Why doesn't let [...{val:res}] = arr; return all values (['a', 'b'])?

You seem to confuse the rest syntax with array comprehensions.

If you assign a value to [someElements, ...someExpression], the value is tested to be iterable and then each element generated by the iterator is assigned to the respective someElements variable. If you use the rest syntax in the destructuring expression, an array is created and the iterator is ran till its end while filling the array with the generated values.

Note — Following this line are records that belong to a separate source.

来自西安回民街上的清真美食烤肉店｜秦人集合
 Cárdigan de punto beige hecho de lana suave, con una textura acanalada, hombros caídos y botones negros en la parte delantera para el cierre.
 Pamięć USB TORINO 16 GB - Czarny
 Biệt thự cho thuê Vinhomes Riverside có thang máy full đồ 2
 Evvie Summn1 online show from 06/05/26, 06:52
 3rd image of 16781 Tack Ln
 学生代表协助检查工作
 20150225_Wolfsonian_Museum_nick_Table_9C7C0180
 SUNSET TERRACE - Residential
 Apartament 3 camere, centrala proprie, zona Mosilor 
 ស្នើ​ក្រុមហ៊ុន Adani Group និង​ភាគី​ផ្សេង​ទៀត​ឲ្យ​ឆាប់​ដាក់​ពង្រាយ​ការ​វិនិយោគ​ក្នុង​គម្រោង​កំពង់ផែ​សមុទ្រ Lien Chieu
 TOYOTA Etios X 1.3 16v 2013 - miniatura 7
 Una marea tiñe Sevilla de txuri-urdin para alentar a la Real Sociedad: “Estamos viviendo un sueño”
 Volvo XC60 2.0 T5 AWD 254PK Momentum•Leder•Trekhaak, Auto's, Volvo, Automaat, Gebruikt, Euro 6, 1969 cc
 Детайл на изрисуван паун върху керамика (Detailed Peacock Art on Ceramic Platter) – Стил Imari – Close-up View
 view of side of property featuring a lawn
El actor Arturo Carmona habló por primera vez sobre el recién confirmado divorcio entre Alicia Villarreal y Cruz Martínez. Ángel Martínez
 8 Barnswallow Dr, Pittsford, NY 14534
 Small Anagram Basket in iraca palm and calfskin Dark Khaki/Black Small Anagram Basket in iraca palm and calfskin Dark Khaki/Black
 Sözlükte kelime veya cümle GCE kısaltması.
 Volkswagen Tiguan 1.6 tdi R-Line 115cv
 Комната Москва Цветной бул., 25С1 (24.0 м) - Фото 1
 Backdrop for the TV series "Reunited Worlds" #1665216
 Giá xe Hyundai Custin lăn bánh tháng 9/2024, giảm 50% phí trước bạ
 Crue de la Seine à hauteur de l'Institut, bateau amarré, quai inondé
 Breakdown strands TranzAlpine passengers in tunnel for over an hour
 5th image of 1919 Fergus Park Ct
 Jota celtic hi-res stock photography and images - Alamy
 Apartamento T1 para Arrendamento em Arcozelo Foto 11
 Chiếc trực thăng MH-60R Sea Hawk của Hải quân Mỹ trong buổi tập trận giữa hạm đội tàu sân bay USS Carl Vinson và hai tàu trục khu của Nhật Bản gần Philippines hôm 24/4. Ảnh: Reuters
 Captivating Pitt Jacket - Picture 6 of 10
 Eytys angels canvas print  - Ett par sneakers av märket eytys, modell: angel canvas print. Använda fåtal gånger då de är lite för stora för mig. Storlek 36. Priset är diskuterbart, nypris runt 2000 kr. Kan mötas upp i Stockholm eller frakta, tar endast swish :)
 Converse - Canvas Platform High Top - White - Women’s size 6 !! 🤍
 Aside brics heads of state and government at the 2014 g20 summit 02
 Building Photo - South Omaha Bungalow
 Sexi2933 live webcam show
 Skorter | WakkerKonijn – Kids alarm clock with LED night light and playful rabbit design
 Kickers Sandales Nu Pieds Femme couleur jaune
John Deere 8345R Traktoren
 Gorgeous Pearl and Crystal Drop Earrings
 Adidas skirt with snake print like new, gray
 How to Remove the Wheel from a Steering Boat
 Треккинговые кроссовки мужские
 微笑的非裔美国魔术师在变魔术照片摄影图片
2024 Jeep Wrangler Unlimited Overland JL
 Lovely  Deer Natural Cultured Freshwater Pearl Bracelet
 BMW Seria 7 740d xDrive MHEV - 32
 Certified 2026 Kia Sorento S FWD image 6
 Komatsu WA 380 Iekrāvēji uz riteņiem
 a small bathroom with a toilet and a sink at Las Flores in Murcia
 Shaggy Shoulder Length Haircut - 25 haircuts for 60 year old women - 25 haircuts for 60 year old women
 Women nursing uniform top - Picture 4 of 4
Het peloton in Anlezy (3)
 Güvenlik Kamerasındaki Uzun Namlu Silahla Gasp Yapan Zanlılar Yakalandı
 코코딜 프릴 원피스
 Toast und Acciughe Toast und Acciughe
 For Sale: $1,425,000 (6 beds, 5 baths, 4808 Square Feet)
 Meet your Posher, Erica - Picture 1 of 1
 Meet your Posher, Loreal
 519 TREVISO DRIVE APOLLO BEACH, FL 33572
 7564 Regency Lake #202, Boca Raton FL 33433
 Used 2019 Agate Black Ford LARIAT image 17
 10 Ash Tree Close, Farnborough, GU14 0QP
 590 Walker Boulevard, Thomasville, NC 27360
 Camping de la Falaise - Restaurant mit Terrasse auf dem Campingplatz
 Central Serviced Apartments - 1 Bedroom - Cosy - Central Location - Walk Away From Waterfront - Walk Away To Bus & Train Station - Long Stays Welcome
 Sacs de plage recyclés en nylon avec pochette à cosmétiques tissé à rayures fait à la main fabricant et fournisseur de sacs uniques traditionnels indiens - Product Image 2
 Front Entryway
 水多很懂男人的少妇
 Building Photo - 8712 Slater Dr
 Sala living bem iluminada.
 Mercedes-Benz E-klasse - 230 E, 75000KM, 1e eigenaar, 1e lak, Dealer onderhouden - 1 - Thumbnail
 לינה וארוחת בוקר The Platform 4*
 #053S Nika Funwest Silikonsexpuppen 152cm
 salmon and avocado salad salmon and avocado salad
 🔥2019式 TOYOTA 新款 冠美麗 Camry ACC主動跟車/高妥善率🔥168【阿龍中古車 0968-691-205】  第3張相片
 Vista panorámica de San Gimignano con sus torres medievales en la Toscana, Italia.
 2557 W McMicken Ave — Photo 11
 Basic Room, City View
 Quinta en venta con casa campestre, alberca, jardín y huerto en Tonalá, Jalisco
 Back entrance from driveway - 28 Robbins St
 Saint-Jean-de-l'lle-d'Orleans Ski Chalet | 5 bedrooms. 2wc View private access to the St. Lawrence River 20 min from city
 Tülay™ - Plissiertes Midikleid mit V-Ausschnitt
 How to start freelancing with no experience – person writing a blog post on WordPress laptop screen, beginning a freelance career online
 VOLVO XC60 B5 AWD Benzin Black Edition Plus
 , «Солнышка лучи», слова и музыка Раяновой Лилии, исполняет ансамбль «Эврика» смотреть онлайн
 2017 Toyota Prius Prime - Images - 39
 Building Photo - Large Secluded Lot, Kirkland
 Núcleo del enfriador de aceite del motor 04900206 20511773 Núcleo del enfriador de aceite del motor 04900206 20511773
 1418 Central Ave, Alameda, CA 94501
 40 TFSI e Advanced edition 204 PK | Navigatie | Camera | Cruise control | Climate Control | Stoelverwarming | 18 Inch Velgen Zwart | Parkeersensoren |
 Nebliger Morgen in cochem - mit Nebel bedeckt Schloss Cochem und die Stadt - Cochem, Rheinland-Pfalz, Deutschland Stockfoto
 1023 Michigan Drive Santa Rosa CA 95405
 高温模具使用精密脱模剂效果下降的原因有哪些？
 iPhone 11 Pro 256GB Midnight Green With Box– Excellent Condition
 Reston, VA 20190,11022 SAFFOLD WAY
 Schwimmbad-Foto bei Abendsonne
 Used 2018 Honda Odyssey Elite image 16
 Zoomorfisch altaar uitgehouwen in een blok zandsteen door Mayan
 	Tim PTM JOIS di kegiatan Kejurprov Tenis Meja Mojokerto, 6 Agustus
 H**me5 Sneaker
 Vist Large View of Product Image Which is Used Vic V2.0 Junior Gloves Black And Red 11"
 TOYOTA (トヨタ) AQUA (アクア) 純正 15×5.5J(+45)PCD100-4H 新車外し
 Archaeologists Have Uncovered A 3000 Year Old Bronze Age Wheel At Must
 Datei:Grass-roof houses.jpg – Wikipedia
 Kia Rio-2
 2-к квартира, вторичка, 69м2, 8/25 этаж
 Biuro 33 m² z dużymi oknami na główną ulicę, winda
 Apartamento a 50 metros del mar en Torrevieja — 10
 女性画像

Then that array is assigned to the someExpression.

All of these assignment targets can be other destructuring expressions (arbitrarily nested and recursively evaluated), or references to variable or properties.

So if you do let [...{val:res}] = arr, it will create an array and fill that with all the values from the iterator of arr:

let {val:res} = Array.from(arr[Symbol.iterator]())

You can see now why that ends up with undefined, and why using something like [...{length:res}] does yield a result. Another example:

let [{val:res1}, ...{length: res2}] = arr;
console.log(res1) // 'a'
console.log(res2) // 1 (length of `[{val: 'b'}]`)

How can destructuring be used to obtain only the values ['a', 'b']?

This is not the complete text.